The problem with this issue is that we find it difficult to get out heads around limits of series. Since these can be pretty weird, that is forgiveable!.

Let us assume that the number $a = 0.\dot{9}$ exists. Since $0.999\cdots9$ (for any finite number of $9$ s) is less than $1$ , we can reasonably deduce that $a \le 1$ .

Suppose now that $0 < b < 1$ . If we consider the decimal expansion of $b$ , we will eventually find a number after the decimal point which is less than $9$ . In other words, we will be able to write $b < 0.999\cdots9$ , where the number on the right of this inequality has a finite number of $9$ s after its decimal point. Thus $b < a$ .

In other words the number $a$ is less than or equal to $1$ , but is greater than any number less than $1$ . This means that $a$ must be equal to $1$ . In other words, if $0.\dot{9}$ exists, it must be equal to $1$ .

The only problem left is that of accepting that the number $a$ exists in the first place. This is a nontrivial issue, and many mathematicians, starting with the ancient Greeks, have had problems with infinite limits. Consider such "paradoxes" as Zeno's paradox or the Achilles and the tortoise paradox.

If we are prepared to accept a mathematical system within which limits exist, then $0.\dot{9}$ will both exist and be equal to $1$ , and $0.\dot{3}$ will exist and be equal to $\tfrac13$ . The existence of such limits is based upon what is called the Completeness Axiom of the Reals; while mathematicians might try to see what can be deduced in the absence of this Axiom, I would think that few disbelieve it.

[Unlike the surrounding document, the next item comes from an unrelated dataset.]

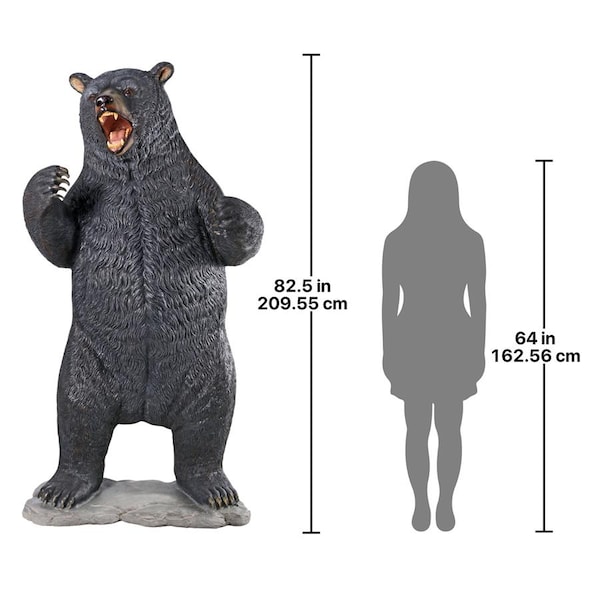 Design Toscano Growling Black Bear Life-Size Statue - NE867203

It is interesting that students find the existence of $0.\dot{9} = 1$ harder to accept than they do the existence of $0.\dot{3} = \tfrac13$ . Accepting that either of these numbers exists involves coping with the idea of an infinite number of entries in a decimal expansion; there is something about the fact that the identity $0.\dot{9} = 1$ increases the digit before the decimal point that gets people agitated, while students at a very early age have few problems with $0.\dot{3} = \tfrac13$ . From a teaching point of view, therefore, observing that $3 \times 0.\dot{3} \,=\, 0.\dot{9}$ , and therefore that $0.\dot{9} = 3\times\tfrac13 = 1$ is an argument which can content most students, at least until they can get to grips with the proper definition of the limit of a series.

Mark Hennings - 5 years, 4 months ago

(Printer is on) hahaahahah! Just kidding!

You wrote what Otto Brestcher wrote up here in the solution discussion but in a much clearer manner!

Good read! I didn't think of the analogy between Tortoise paradox and $0.\overline9=1$ .

Completeness Axiom of the Reals? Woah! First time hearing of about this! Good read! Your comments are always so valuable! Brilliant should always send me a notification wherever you post anything in Brilliant!!

Can you explain why this happens? Or why mathematicians disagree about this (Is it because most people can't grasp new concepts like the controversy over Cantor's theory)? Does this issue still occur? And why?

while mathematicians might try to see what can be deduced in the absence of this Axiom, I would think that few disbelieve it.

Pi Han Goh - 5 years, 4 months ago

It is not so much a case of mathematicians disagreeing about it; the Completeness Axiom (i.e. the existence of least upper bounds) is what defines the reals. Mathematicians can, however, be interested in determining how much can be deduced without assuming this Axiom. An increasing bounded sequence converges to its least upper bound; if we drop the Completeness Axiom, then we cannot have limits of any sequences except those which are eventually constant (and for which convergence is obvious). No limits means no calculus, and the whole field of Analysis goes down the tubes. What you are left with is mathematics that can be done within the rationals - Diophantine equations and the like. These are, of course, exceptionally rich fields of study.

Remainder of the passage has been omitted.